– Что вас так обрадовало, сестра? – поинтересовалась она довольно сухо. – Не поделитесь ли с нами своими переживаниями? Глядишь, и мы с сестрой Бландиной развеселимся…
Эдит видимым усилием воли согнала с лица улыбку, придав ему подобающее монахине удрученно-возвышенное выражение. Делиться с настоятельницей своими мыслями она, по-видимому, не собиралась.
– Простите, матушка, просто мне вспомнилось кое-что, не имеющее прямого отношения к делу.
– Вот как? Вы витаете в облаках, сестра?
– Вовсе нет, матушка. Я внимательно прочла заметку и выслушала мнение сестры Бландины, равно как и вашу оценку последнего, и могу, если желаете, повторить все это слово в слово и даже присовокупить то, что вы обе подумали при этом… Просто в ожидании конца вашей дискуссии я начала думать о другом, вот и все.
Хамство было хорошо завуалировано, и настоятельница сочла нужным сделать вид, что ничего не заметила.

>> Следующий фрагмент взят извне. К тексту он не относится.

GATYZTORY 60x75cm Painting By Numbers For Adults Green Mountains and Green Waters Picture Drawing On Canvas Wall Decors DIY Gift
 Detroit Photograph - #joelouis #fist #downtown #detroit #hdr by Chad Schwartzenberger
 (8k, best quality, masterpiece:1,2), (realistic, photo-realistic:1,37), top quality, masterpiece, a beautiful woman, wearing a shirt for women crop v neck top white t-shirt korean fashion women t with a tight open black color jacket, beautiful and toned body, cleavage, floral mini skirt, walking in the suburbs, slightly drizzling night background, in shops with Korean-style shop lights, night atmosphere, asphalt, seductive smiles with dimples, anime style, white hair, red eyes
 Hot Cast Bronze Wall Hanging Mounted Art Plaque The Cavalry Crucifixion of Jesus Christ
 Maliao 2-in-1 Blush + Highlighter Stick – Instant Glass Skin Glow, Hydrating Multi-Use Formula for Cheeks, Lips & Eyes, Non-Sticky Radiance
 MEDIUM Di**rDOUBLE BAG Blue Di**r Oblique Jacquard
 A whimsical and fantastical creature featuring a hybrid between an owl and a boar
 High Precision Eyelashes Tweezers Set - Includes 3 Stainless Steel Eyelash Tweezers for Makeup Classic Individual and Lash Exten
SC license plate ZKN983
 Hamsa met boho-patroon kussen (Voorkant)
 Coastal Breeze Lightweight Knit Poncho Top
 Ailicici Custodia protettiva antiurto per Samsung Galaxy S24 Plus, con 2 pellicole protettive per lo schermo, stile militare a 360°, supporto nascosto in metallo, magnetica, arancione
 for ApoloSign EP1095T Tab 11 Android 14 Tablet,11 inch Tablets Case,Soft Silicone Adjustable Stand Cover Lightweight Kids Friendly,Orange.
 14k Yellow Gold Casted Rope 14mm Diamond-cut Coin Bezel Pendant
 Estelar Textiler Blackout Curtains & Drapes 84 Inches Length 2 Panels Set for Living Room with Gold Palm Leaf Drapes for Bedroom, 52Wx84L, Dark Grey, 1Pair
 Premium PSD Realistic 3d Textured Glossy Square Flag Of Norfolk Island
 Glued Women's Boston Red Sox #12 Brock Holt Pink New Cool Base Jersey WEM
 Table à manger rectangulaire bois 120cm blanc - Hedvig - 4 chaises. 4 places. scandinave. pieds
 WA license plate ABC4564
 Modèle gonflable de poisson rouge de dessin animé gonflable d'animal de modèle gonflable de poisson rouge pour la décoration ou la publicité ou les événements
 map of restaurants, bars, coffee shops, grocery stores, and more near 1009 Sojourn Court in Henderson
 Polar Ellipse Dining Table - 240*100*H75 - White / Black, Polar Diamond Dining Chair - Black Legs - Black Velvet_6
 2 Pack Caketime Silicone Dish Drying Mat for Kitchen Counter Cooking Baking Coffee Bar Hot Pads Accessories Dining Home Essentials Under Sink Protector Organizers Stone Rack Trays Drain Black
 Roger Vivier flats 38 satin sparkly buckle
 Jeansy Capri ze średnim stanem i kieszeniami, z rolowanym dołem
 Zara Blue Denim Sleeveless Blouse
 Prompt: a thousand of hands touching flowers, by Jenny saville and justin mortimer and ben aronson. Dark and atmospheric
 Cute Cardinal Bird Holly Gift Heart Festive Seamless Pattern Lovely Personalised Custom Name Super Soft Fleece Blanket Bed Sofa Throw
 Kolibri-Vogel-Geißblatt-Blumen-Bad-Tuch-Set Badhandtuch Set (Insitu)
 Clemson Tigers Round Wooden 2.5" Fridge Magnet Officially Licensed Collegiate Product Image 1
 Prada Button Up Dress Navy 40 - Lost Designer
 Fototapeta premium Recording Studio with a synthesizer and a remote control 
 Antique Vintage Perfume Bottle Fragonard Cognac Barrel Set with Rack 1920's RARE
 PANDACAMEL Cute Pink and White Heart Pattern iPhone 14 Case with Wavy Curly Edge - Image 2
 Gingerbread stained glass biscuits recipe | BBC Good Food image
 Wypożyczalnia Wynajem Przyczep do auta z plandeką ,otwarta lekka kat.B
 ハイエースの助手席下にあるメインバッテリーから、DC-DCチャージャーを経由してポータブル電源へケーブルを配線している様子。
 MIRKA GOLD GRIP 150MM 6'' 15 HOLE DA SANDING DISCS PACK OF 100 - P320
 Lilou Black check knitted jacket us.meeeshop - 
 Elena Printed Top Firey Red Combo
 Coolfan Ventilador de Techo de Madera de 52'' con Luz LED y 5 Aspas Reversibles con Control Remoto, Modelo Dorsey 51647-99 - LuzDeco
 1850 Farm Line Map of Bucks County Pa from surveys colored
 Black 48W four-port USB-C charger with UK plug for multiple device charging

– Хорошо, сестра Эдит, не сердитесь. Так что вы можете сказать по поводу прочитанного?
– Ничего.
– Как – ничего? Но ведь это…
– …ужасно, матушка, но не более того. Как вы только что справедливо заметили в разговоре с сестрой Бландиной, об этой истории нам ничего достоверно не известно, да и не наше это дело – давать оценку чужим поступкам.
Тут вступила в разговор старшая воспитательница:
– Разрешите и мне ознакомиться с заметкой, мать-настоятельница? Хотелось бы узнать, что на самом деле заставило улыбаться сестру Эдит.
– Пожалуйста, – Эдит протянула Бландине вырезку и вновь странно улыбнулась.
На полосе «Фильсхофенского листка» от 23 марта 1962 года можно было прочесть следующее:
«Дитя или изверг?
В четверг, 22 марта, в одном из пригородов Фильсхофена произошла необычная семейная драма. Тринадцатилетний сын бывшей местной официантки – известный в округе воришка и прогульщик школьных занятий – безо всякой причины напал на своих спящих родителей и выплеснул на мать целый ушат неизвестной ядовитой жидкости, от которой на теле женщины остались обширные болезненные раны. В состоянии шока ее доставили в ближайшую больницу для оказания помощи. Внезапно возникшие осложнения в виде сильной лихорадки и онемения кожных покровов требуют дальнейшего врачебного наблюдения пострадавшей.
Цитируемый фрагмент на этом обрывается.